So, the guy that wrote this, so here's the weird thing about npm. npm is three things all at once. It's a local client that you run as a package manager on your machine, right? It is also a registry that stores millions of packages. It is also a SAS platform that you log into and you can create role-based access and all kinds of other stuff, right? Well, the guy that originally wrote npm, Isaac Slutter, used CouchDB cuz, you know, [ __ ] it, why not? It's free. I might as well use it, right? Um, and unfortunately, we've been stuck with it for 15 years since then. until February of this year, they just replaced couch with Postgress, but
because they can't break the the ecosystem, they put a couch uh compatibility layer over the top of it. Um, ironically, even though that's owned by Microsoft, where do they store their their tarballs? >> S3. That's right. There's another talk I gave at um Melbourne Bides last year, the year before that, talking about some funny stuff I did in there. This one right here, there's nothing really special about it. It's just a small commercial mirror based out of the UK. Refinery.dev. They just basically do DevOps services.
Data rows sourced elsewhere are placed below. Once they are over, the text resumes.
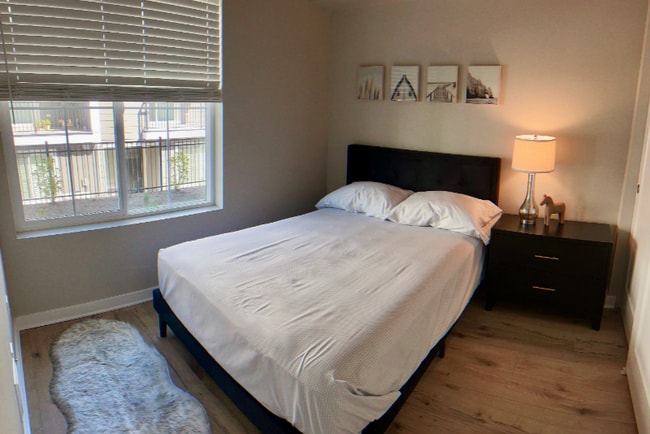 Building Photo - 15423 Admiralty Way Rental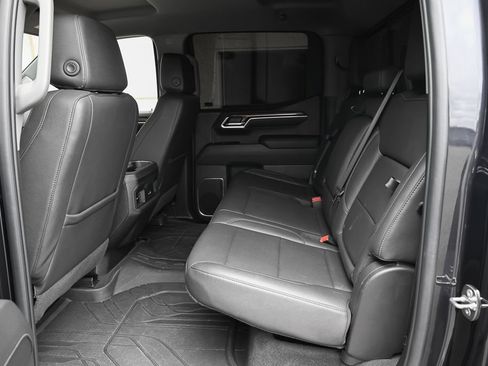 Used 2024 Chevrolet Silverado 1500 RST w/ Convenience Package II AWD/4WD image 40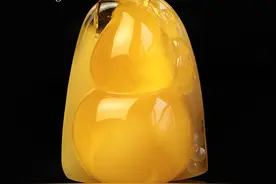 天然美物，极品金绞蜜气泡葫芦立体把件图片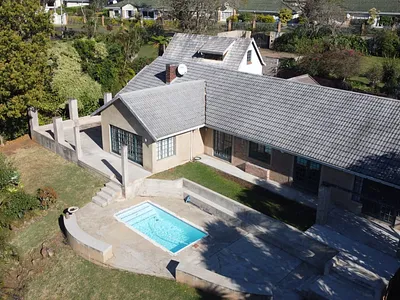 4 Bedroom House For Sale in Kloof - Gwqg.webp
The next one is the newest of the big dogs. This one's in Russia, hence the RU. I haven't done anything with this one. I think there's probably some cool things that we can
look at in terms of this one, but we're not going to talk about it today. Cool. We're going to talk about You ready for it? You said Duke, you said 25%. Five of the eight global mirrors are in China. Um, five. That is, just in case you're not good at math, that's 62.5%. Right. Um, good guess, mate. Um, this the uh the reality too is I've been So, each one of these each one of these mirrors is its own thing, right? It's its own tech stack. It's its own they can choose to to use couch, they can choose to use something else. Each one of them are their own thing and the reality is that each one of these kind
of you can ask it about its statistics and it will tell you and I was looking at um npm mirror no I was looking at um CNPMJS the other day and um it was reporting that it had 300,000 events in the day. So we have a disparity in the in the number of updates that are happening inside of these. I haven't really looked into that yet, but that's there's more to do. Or if you guys want to help me in my journey, um I'm open to it. Why do we give a [ __ ] Well, we care because one, npm is the world's largest software registry, but it's also the most insecure. And the last month has
kind of proved that to us again and again and again. I'm not going to go through all the reasons it's insecure because I've done other talks about that. I just did a talk in Defcon where I talk about this. Um but some of the things I just want to highlight, one is that npm still allows install scripts. So pre and post install script. So anytime that you install an npm package, right before it installs the content, it can do something and right after it installs the content, it can do something, right? And that's just perfect for attackers. It's rce by design. Next, coffee. Next, the ease of access. You can sign up to npm without doing anything really.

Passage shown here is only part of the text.